A few weeks ago on August 5th, my HoldCo was complete. I had just closed the 3rd and final acquisition that would make up my portfolio of tiny businesses for the foreseeable future.
It all started with an Instagram Reel, in April 2023, from yet another influencer selling access to a community. Stuck in the same delusion that plagues most aspiring entrepreneurs, I thought I had to start a business from scratch. This Reel shattered my reality. Buying an existing business that already makes money. Genius! How did I not think of this before?
Fast forward to now, I own 3 Shopify apps and 1 digital product. The last 15 months have been a rollercoaster, to say the least. Business was something I had been eager to get into for awhile. I just didn’t know what business to get into. None of my startup ideas seemed big enough to justify throwing months of my life down the drain, all while juggling a full time job. Deep down I also knew I would never follow through on something that needed to find its first customers. I had bought an Airbnb course (dodged that bullet) and a phone repair & flipping course. You get the idea. Buying an existing, profitable business though, just made sense in a way that these other paths didn’t.
I sold my beloved Supra and pulled money out of retirement using the IRS’ ROBS provisions. If this was going to be my first real attempt at entrepreneurship, I needed a big war chest. I dove head first into podcast after podcast, blog after blog and tweet after tweet. Did I want to get away from software completely and go buy a dry cleaning business? Or should I leverage my software background and stay in tech? This was an incredibly hard question to answer during my search.

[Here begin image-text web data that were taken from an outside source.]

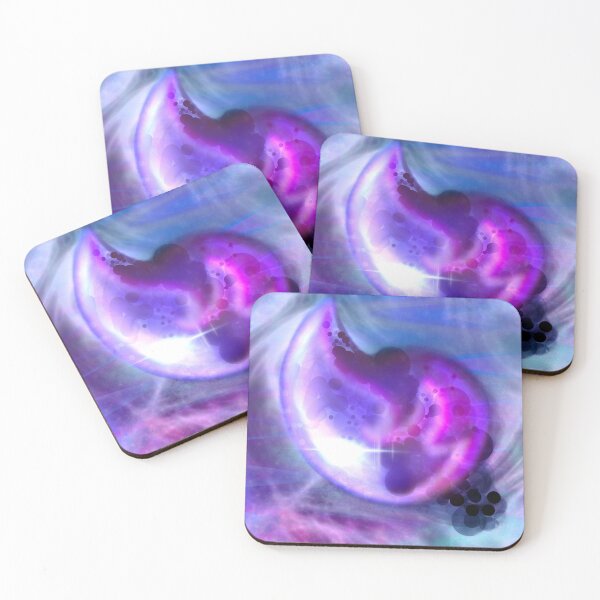 Item preview, Embryonic Space designed and sold by GryphonArts.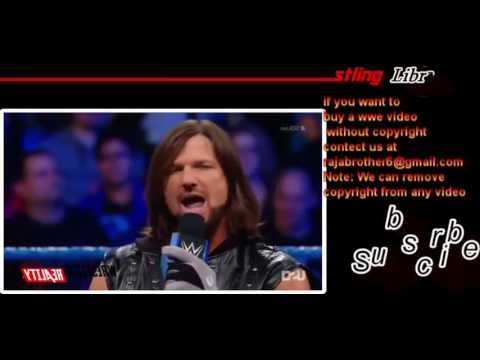 WWE Smackdown 3 7 2017 Highlights HD WWE Smackdown 7 March 2017 Highlights HD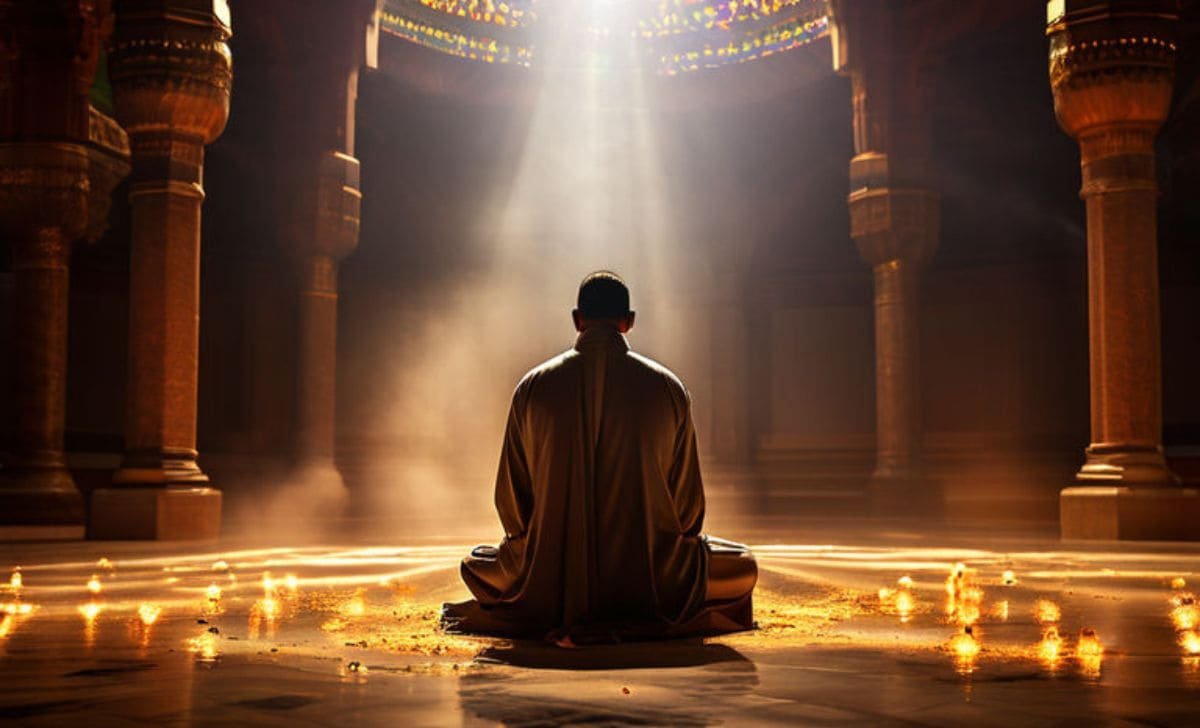 A Importância da Obediência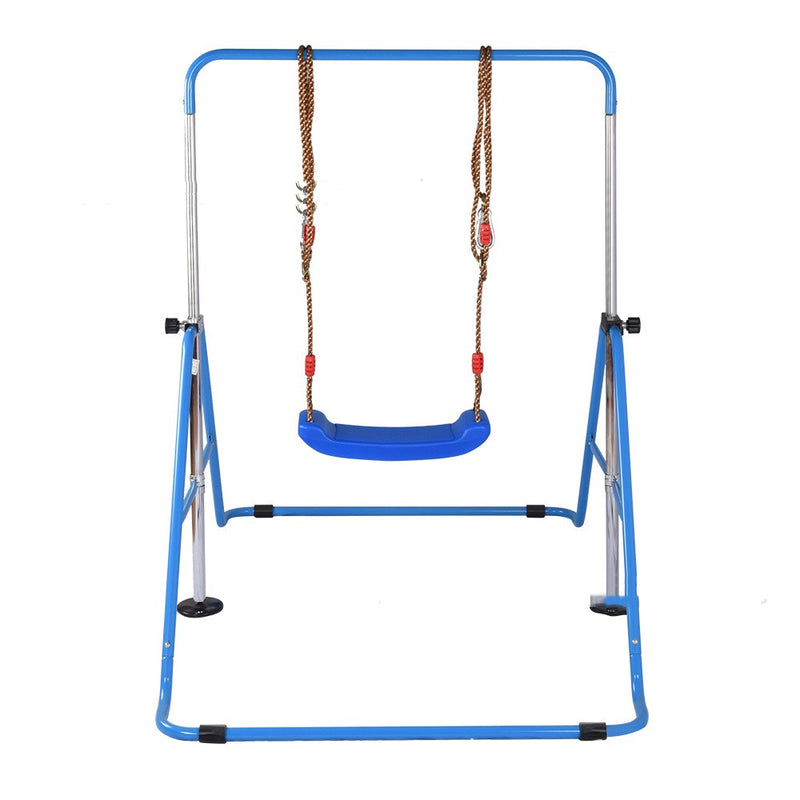 Parallel Bar Pull-up Trainer For Kids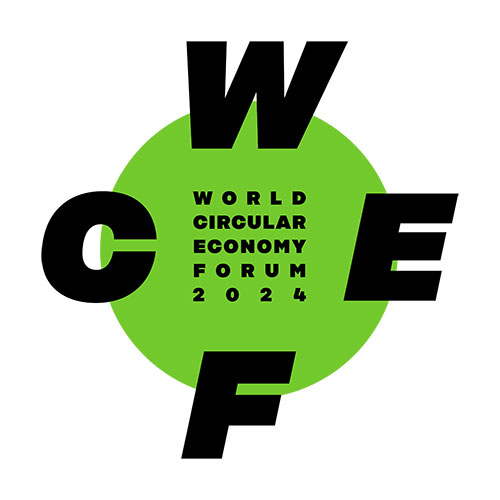 WCEF 2024 Event logo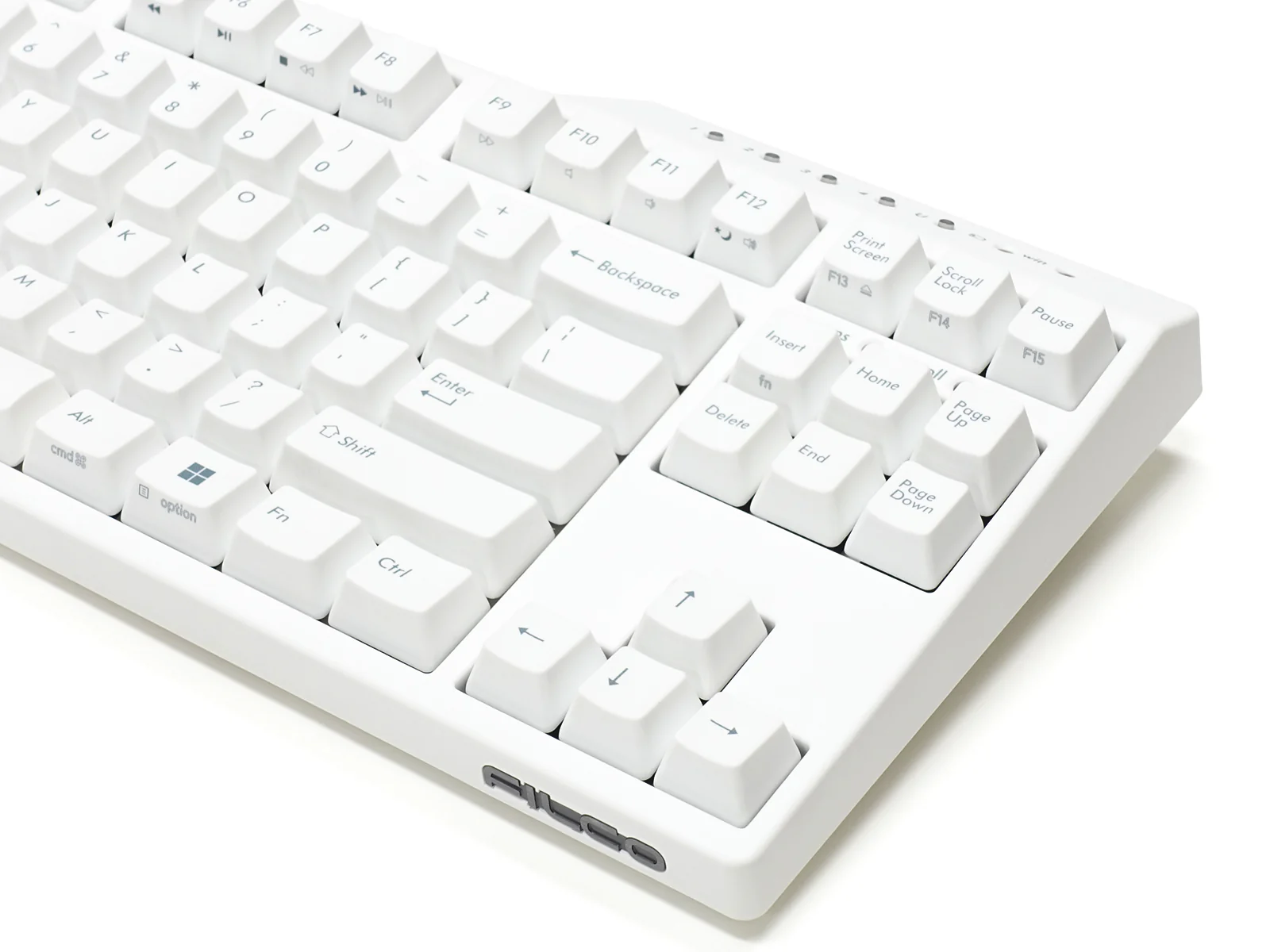 Filco Majestouch Convertible 3 TKL HAKUA Double Shot PBT Mechanical Keyboard - Image 5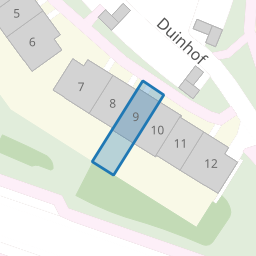 Perceel HDR00-H-4388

After one of my first potential deals fell through in November of last year, I actually inquired about a local dry cleaning business. Ultimately, I went the digital route to maximize flexibility and not be tied to any physical location. Could I have hired someone to run the day-to-day of a traditional business? Sure. But I also wasn’t confident enough to bet the house with an SBA loan or ask investors for their money on my first deal. It had to be with my own cash.
After buying Cabana, a digital tool for web designers, the fog started to disperse. B2B SaaS was the way to go. Then came TryOnify, a Shopify app that allows merchants to offer Try Before You Buy payment plans. Finally, Extra Verification and In-store Reserver, 2 more Shopify apps that I wasn’t even planning to buy so quickly after TryOnify.
It’s taken awhile for me to get comfortable posting online. Only now do I feel like I’m at a place where I can offer significant value to people. This blog will be a place for long form thoughts. Twitter for short form. And we’ll see if I can keep up on the others…. Shout out to Andrew Pierno (XO Capital), Ryan Kulp (Fork Equity) and Dom Wells (Onfolio) for giving me all the game needed to pursue micro SaaS and post about it online.